**Data block**

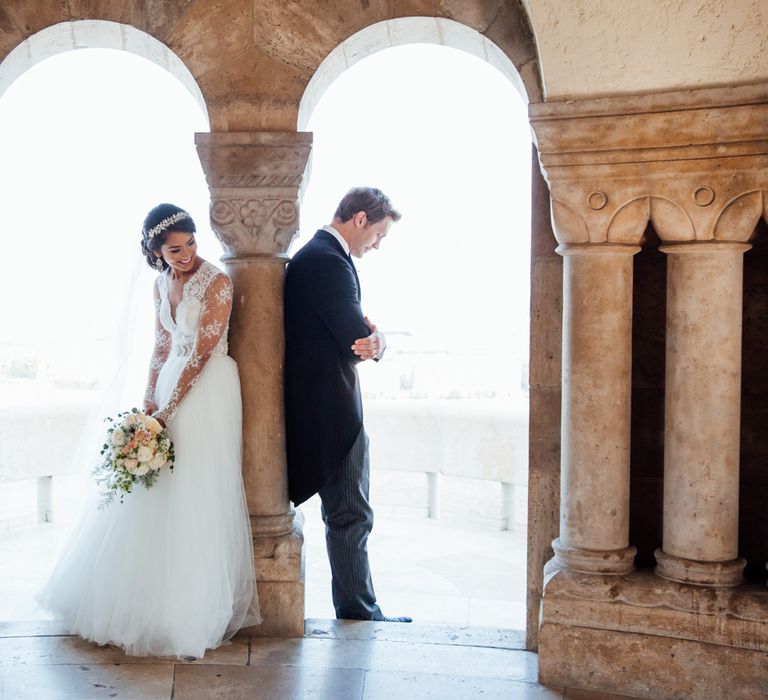 Bride in Pergola Rosa Clara Princess Wedding Dress and Groom in Traditional Morning Suit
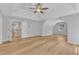 Spacious bedroom featuring a tray ceiling, ceiling fan, and wood-look floors at 2049 Rainy Lake St, Wake Forest, NC 27587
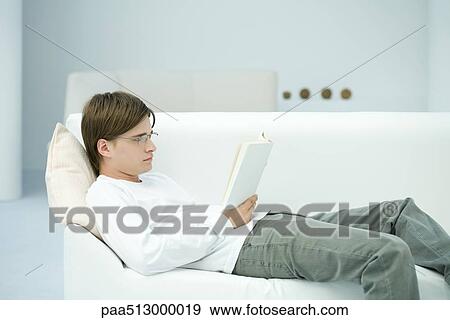 Stock Photograph Of Young Man Reclining On Sofa Reading Book Side Stock Photograph Young Man Reclining On Sofa Reading Book Side View Fotosearch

**Task brief**
Please produce an exact copy of the listing, omitting the pictures.

**Solution to the problem**
 Bride in Pergola Rosa Clara Princess Wedding Dress and Groom in Traditional Morning Suit
 Spacious bedroom featuring a tray ceiling, ceiling fan, and wood-look floors at 2049 Rainy Lake St, Wake Forest, NC 27587
 Stock Photograph Of Young Man Reclining On Sofa Reading Book Side Stock Photograph Young Man Reclining On Sofa Reading Book Side View Fotosearch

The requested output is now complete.